Liturgia do abraço
Hoje à noite todos precisaremos de um abraço. Como quem chega da jornada de um luto, de um desabamento. Ou parte numa caravela rumo aos mistérios do Mar Oceano. Até esse dia beira urnas vivemos estrada íngreme, cheia de abismos. Aqui chegamos exaustos. Houve sustos, houve insultos e enxurradas de mágoa. Muitos mudaram o voto diversas vezes. Porque todo mundo intuiu que desta vez é diferente. Não é só mais uma eleição. Queríamos um salto para o futuro, mas as principais escolhas dadas parecem todas ser formas de retrocesso, um túnel para o passado. Foi-se o conforto de votar com a alegria juvenil da esperança, como já aconteceu antes. Alegria e esperança de antes foram traídas, esmagadas, e ficamos machucados. Morreram todas as ilusões. Por isso, todos temos mares de dúvidas no cérebro. Muitos tinham uma certeza há um mês atrás, que virou interrogação nessa noite.

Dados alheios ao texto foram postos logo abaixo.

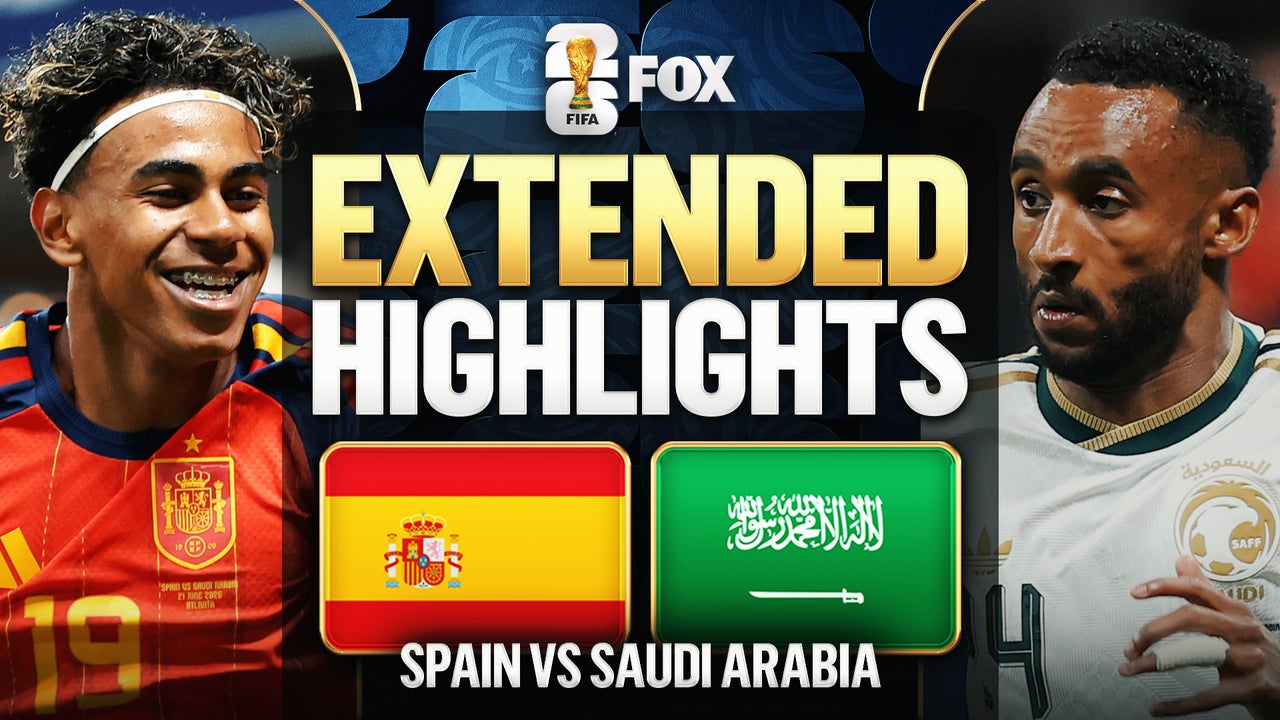 Spain vs Saudi Arabia Extended Highlights | 2026 FIFA World Cup™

O voto será uma tentativa de acerto. Alcançar um alvo com olhos fechados. Votar quase como quem faz difícil prova de física. Andar sobre fio de navalha em cima de uma pirambeira. Precisamos chegar ao outro lado. Porque esse voto provavelmente será cobrado daqui a 50 anos. O que fez você naquela eleitoral primavera do ano da Graça de 2018? Qual a resposta para este dilema, meu Deus? Porque há rancor nessa eleição. Gente muito machucada pelo PT, gente muito machucada pelo Bolsonaro. E os feridos pelos dois polos, por todos os poros. Gente que gostaria muito de votar a favor de algo, de uma paixão, certas verdades, um cado de sonho, mas tanto perdeu, tanto padeceu, machucou-se, que teve que acatar entrincheirar-se num voto, se defender. Do esmagamento pela corrupção e frouxidão moral, ou do esmagamento pela injúria e louvação da ditadura. E para isso, se votará contra o que mais se abomina em favor do que apavora um pouco menos. Contra o que mais lhe incomoda a alma, seja a corrupção traidora, sejam os verbos da injúria, seja o caminhão das mentiras.

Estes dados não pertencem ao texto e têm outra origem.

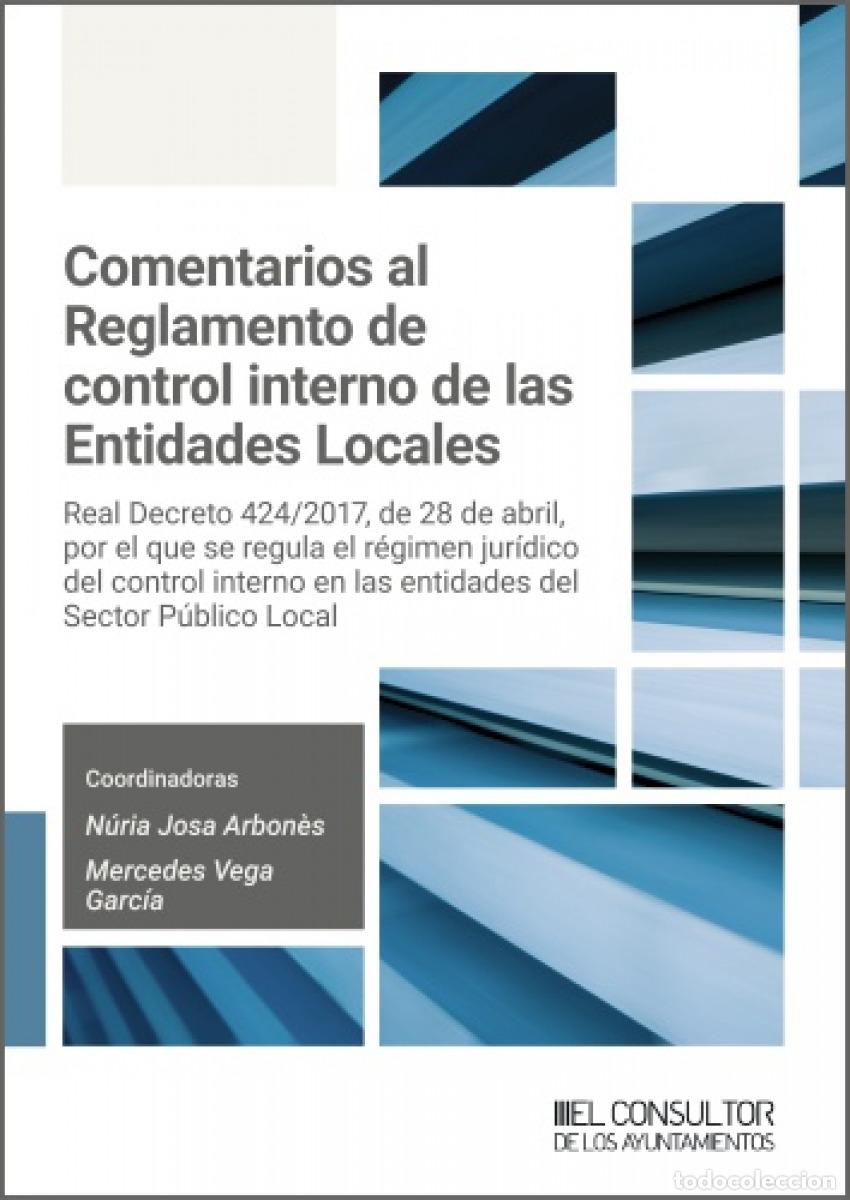 Libros: COMENTARIOS AL REGLAMENTO DE CONTROL INTERNO DE LAS ENTIDADES LOCALES - JOSA ARBONES, NURIA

Tanto ódio envenenou o país. Muitos até conseguimos não odiar. Mas ninguém conseguiu não ser odiado, ou ao menos não ser injustamente repreendido, por alguém que não calça nossos sapatos, nunca sentiu nossas dores, nem vive nossos receios. E isso nos machucou. Por isso precisamos de um abraço. Já houve muita aridez nessa campanha, desertos demais, xingamentos em excesso. Precisamos de um abraço porque hoje é uma véspera difícil. Na liturgia católica, as Vésperas, ou Liturgia das Horas, se abrem com a invocação: “Deus, vinde em nosso auxílio”. E hoje eu sei que Brasil afora, católicos ou não, vão elevar os olhos para os montes dos salmos e fazendo tais orações de socorro. Porque há um desconforto físico, um peso psicológico, um cilício apertando os pulmões de quem olha o dia de amanhã. Ele é uma incógnita cujas respostas não parecem nem um pouco alvissareiras. Levante, então, nesse domingo e clame aos céus por claridão. Caminhe firme até a urna e faça o teu voto. E depois ponha os joelhos sobre a bandeira verde-amarela esticada no chão e rogue a Deus por luz para o nosso futuro.

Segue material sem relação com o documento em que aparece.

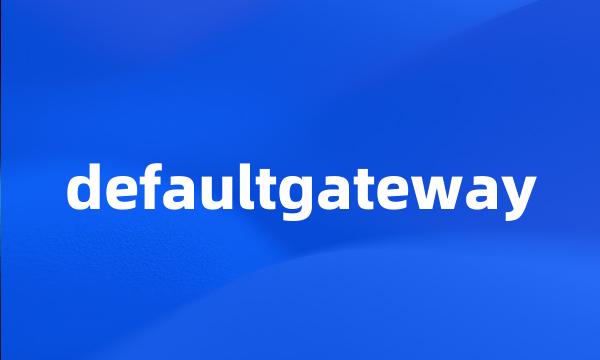 defaultgateway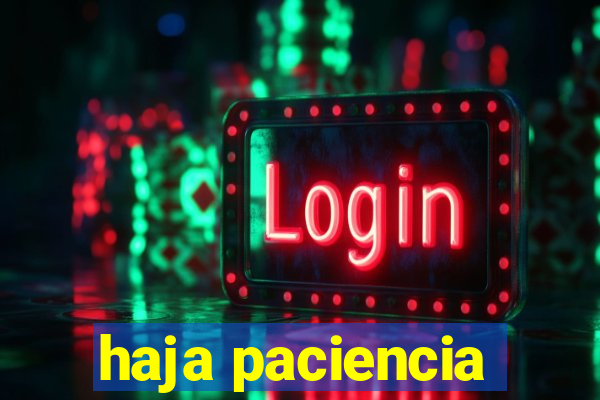 haja paciencia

Com abraço e prece, eu quero crer que viveremos. Superaremos, venha o que vier. Passamos já tempos difíceis nesse país. Ditadura, hiperinflação, desmandos petistas, Collor, Dilma, Temer. E estamos aqui, ainda em pé. Nos caberá a vigilância democrática para que nada desande. E um pouco de ternura. Esperança. Como disse noutra crônica, aos moderados caberá moderar. Receba meu abraço.